Do we not have to train the neural network in content based filtering on the ratings y^(i,j) of users in order to find v_m? So in this case we would need to have users to find v_m? After all we didn’t specify cost functions for the individual networks.

You still need to train the neural network ahead to make sure it gives good predictions on v_u and v_m, such that their dot product can accurately predict y^{(i,j)}, the rating of user i to item j. Therefore, the cost function is J=\sum _{(i,j)\in r(i,j)=1}(v_u^{i}v_m^j-y^{(i,j)})^2+regularizations.
Once we have the model, for each movie, we can precompute its v_m and find similar movies by comparing its v_m with other movies’.
I think the course video ‘Deep learning for content-based filtering’ may help you know more details.

I had the same issue with this question. I suggest to add “once the network is trained” before “you can pre-compute…” or maybe write “This can be done even before a new user logs…”

y(i,j) is the actual value. You’re comparing a prediction (v_u[i] * v_m[j]) and subtracting the actual value it should have predicted. This helps us know how close we were in making the prediction. Knowing the cost allows the algorithm to adjust the feature weights and bias in order to perform more accurate predictions.

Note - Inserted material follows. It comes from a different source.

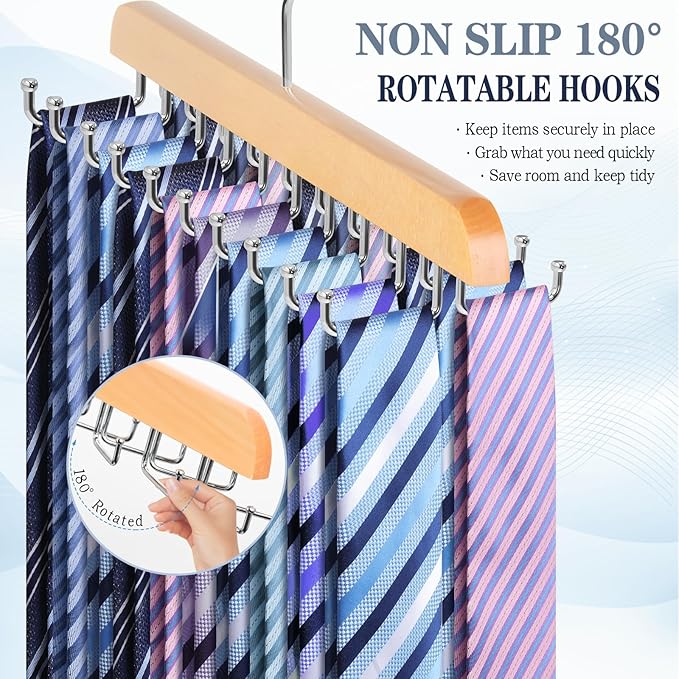 2 Pack Tie Rack Belt Hanger for Closet Fitnice Upgraded Non Slip Tie Hanger Space Saving with 20 Foldable Hooks Wooden Belt Tie Organizer for Tank Tops Bras Cami Scarves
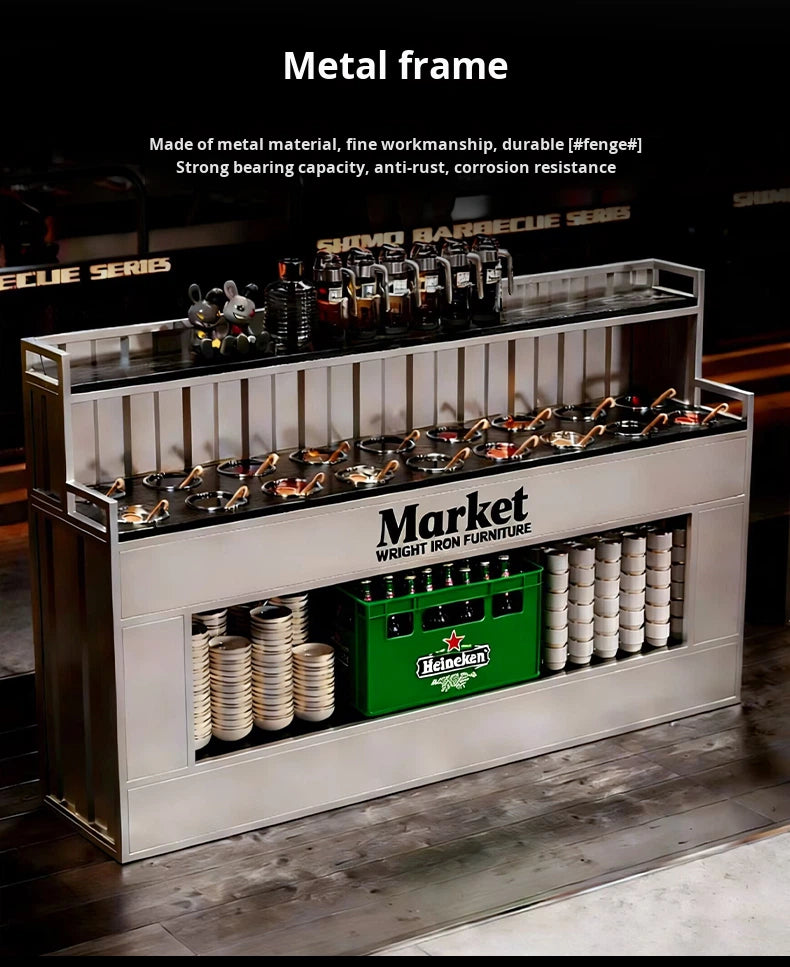 Commercial Wrought Iron Condiment Station — Self-Service Sauce Bar Counter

So when you’re trying to train a model you have some conditions that you KNOW are true. That’s the y(i,j). It’s the correct answer you use to help train your model.

So for example, user i would rate movie j a specific value. Y is that rating.

Let’s say we have users Bob and Alice. And we have the movies The Matrix and The Notebook.
Y(0,0) would be the rating that Bob has given to The Matrix.
Y(1,0) would be Alice’s rating of The Matrix.
Y(0,1) would be the rating that Bob has given the Notebook
Y(1,1) would be the rating that Alice has given the Notebook